Lacey’s detention hearing is scheduled for Wednesday afternoon. In his response to the government’s bail request, criminal defense attorney Paul Cambria blasted the indictment, writing that the arrest “flies in the face of numerous First Amendment rulings, none of which were mentioned in the government’s pleadings to this Court.”
Cambria also noted that the retired journalist “has been no stranger to government overreach and utter disregard of constitutional limits,” comparing this episode of incarceration to the night in 2007 when Maricopa County (Arizona) Sheriff Joe Arpaio had Lacey and Larkin hauled from their Phoenix-area homes and jailed on trumped-up charges.

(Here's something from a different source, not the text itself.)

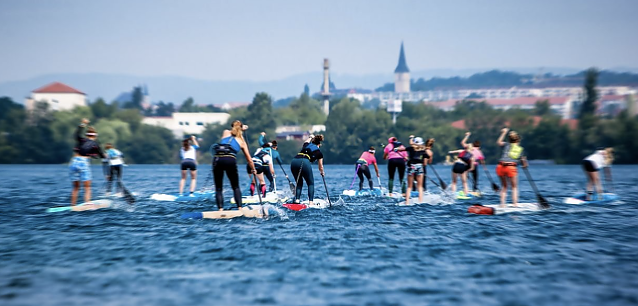 Bild: Der 3. Nordh&auml;user SUP-Cup am Sundh&auml;user See soll in diesem Jahr neben Profis auch Hobby-Paddler und Neugierige locken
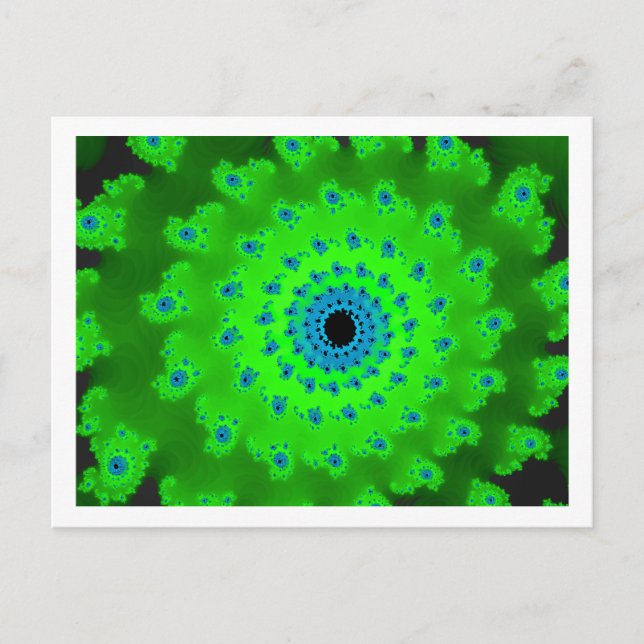 Postal Espiral verde (Anverso)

A pugnacious Buffalo-based lawyer who has represented such high profile clients as porn titan Larry Flynt and shock rocker Marilyn Manson, Cambria rhetorically rolled his eyes at the fact that “the government removed its own main reason for requesting detention” by confiscating the Backpage domain.
More egregious, the attorney contended, has been the U.S. Attorney’s disregard the First Amendment. “For more than five decades it has been the law that the government cannot seize or bar distribution of expressive materials until after an adversary hearing and judicial finding that the materials can be suppressed.”
Cambria was similarly dismissive of the possibility that his client might be a flight risk.
“The government’s case is so weak that it provides no incentive for Mr. Lacey to flee,” Cambria writes. “The government seeks to hold Mr. Lacey liable for ads posted to the Backpage website by third-party users; however this theory has been rejected by every court that has considered it.”